(Exercise aim): Retype, exactly and completely, the listing that comes next, skipping its images.

• • •

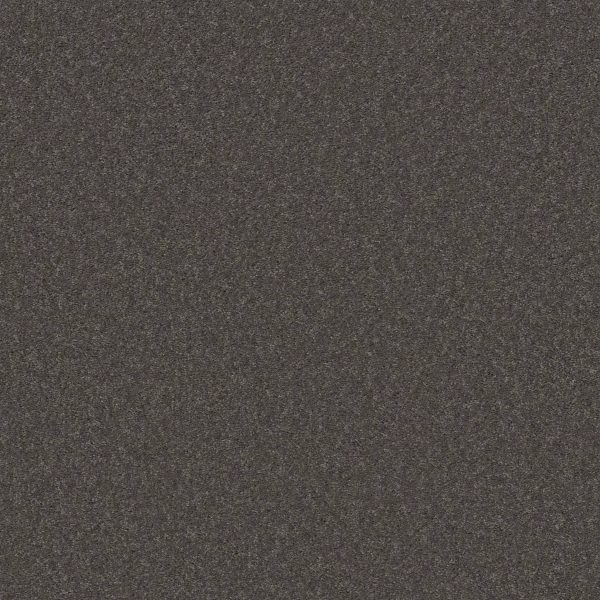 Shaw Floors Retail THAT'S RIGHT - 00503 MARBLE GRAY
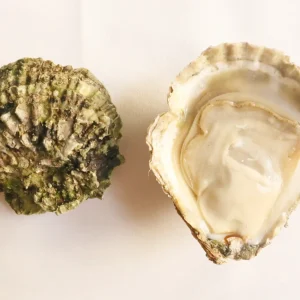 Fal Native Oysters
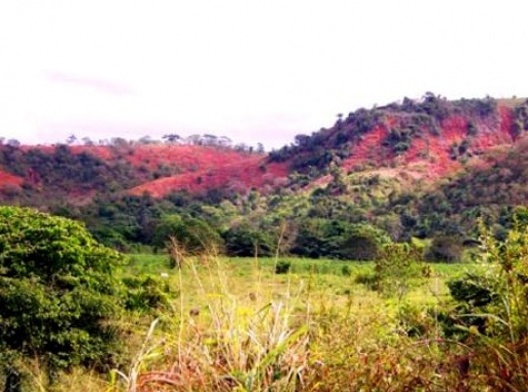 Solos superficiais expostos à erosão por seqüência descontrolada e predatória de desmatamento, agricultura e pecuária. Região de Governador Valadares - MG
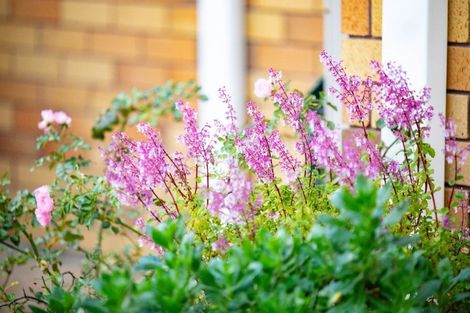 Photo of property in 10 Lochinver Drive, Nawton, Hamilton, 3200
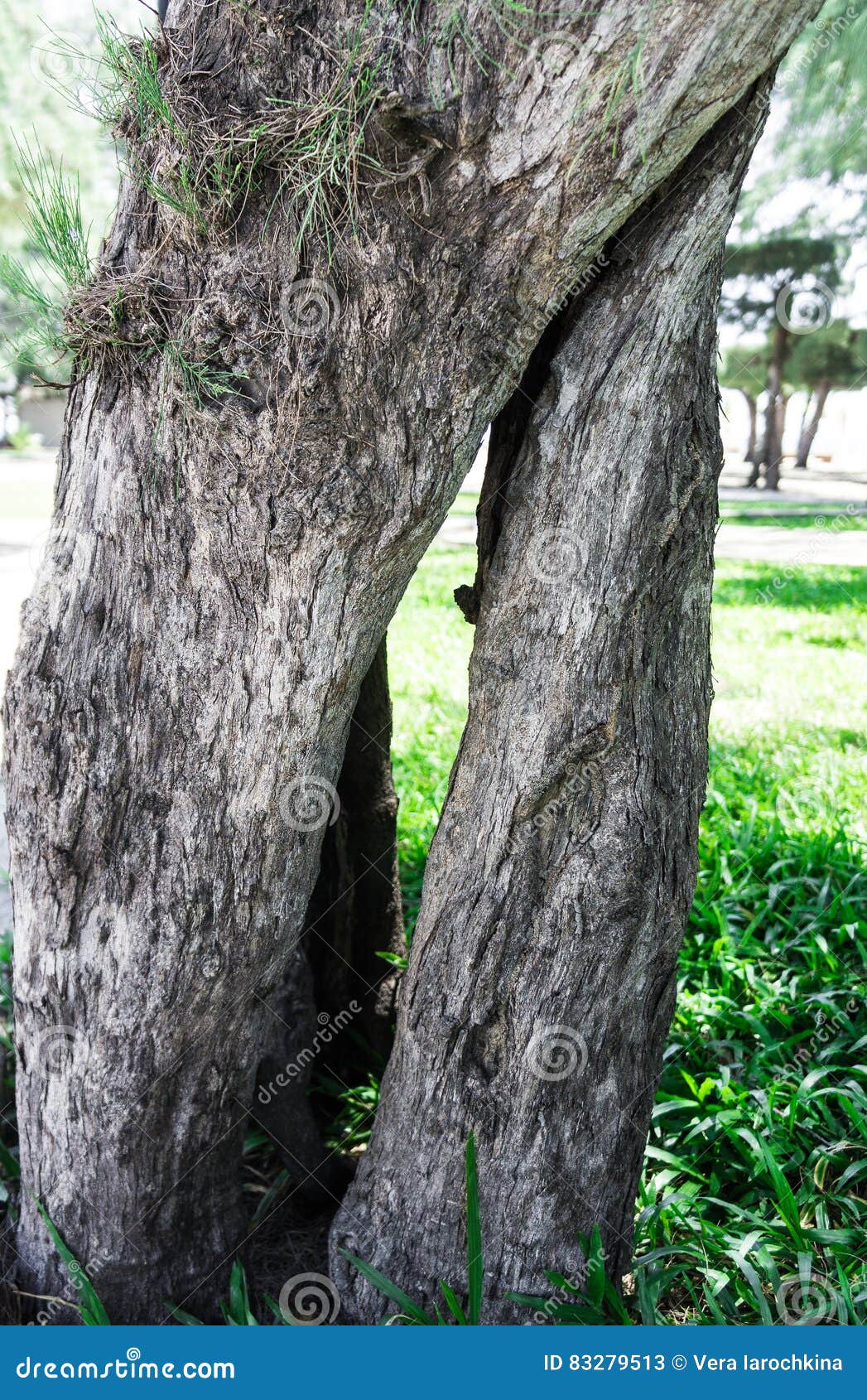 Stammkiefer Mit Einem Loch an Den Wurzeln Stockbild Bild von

• • •

(Task output):
 Shaw Floors Retail THAT'S RIGHT - 00503 MARBLE GRAY
 Fal Native Oysters
 Solos superficiais expostos à erosão por seqüência descontrolada e predatória de desmatamento, agricultura e pecuária. Região de Governador Valadares - MG
 Photo of property in 10 Lochinver Drive, Nawton, Hamilton, 3200
 Stammkiefer Mit Einem Loch an Den Wurzeln Stockbild Bild von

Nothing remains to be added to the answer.